Author : R. Scott McIntire

Version: 1.1

Overview:

This package allows users to perform rudimentary computations with
multivariate polynomials. The user may also change the arithmetic modulus of the
computation to any integer greater than 1. When the modulus is a prime, the
default is to assume that the polynomials are over the field Z_p. In this case
any variable power X^p is equivalent to X; as such, this information is used to
reduce polynomials powers. If this behavior is not desired one may use the
function use-power-modulus with a null value to turn this behavior off.

REQUIRES: package rsm.filter.

Export Summary:

poly (&rest (c (&rest powers))) : Construct a polynomial.
lt (poly) : Returns the leading term (using the current ordering) 
            as (coeff . #(power-vector)).
lp (poly) : Returns the leading power (using the current ordering) 
            as #(power-vector).
lc (poly) : Returns the leading coefficient (using the current ordering).

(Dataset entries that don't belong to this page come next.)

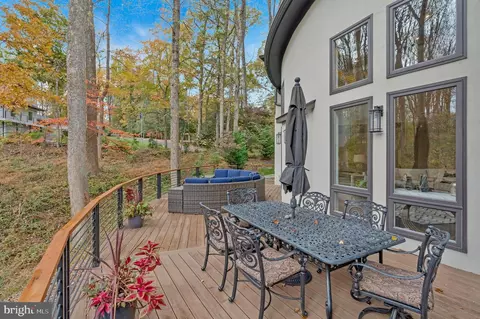 Exterior - 1700 Brookside Ln, Vienna, VA 22182 photo 17 of 24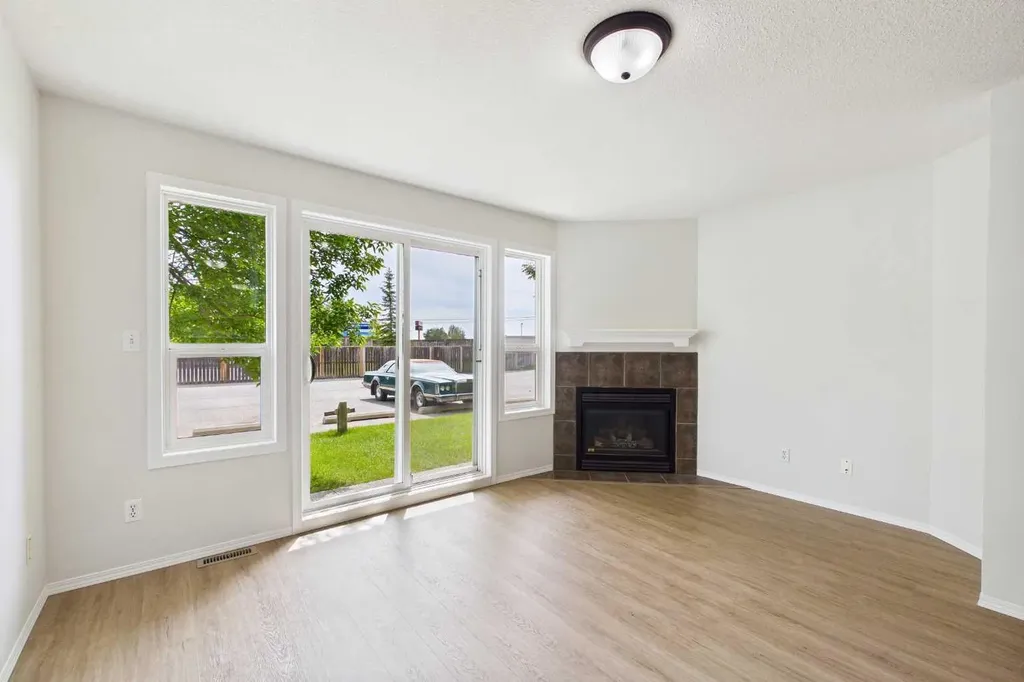 616 19 Street SE High River AB T1V 1T1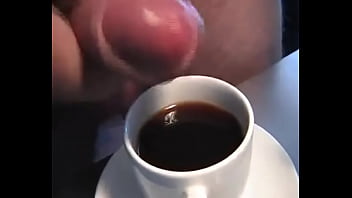 Preview 2 of Smegmadirty - Haciendo un cafe cortado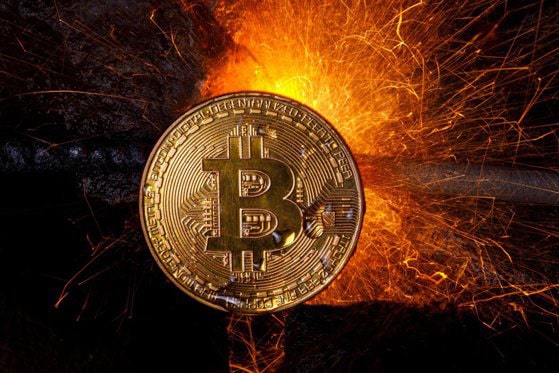 Valoare record: Bitcoin trece pragul de 60.000 de dolari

+  (poly1 &rest polys)  : Add one or more polynomials.
*  (poly1 &rest polys)  : Multiply one or more polynomials.
^  (poly n)             : Raise a polynomial to a non-negative integer power.

poly-p (arg)  : True if argument is a polynomial.

mul-poly-term : Multiply a polynomial by a term.
poly-scalar-mul (c poly) : Multiply a polynomial by a scalar.
poly-scalar-add (c poly) : Add a scalar to  a polynomial.

set-order (lex-type) : Sets the order by which terms are compared.
get-order (lex-type) : Gets the order by which terms are compared.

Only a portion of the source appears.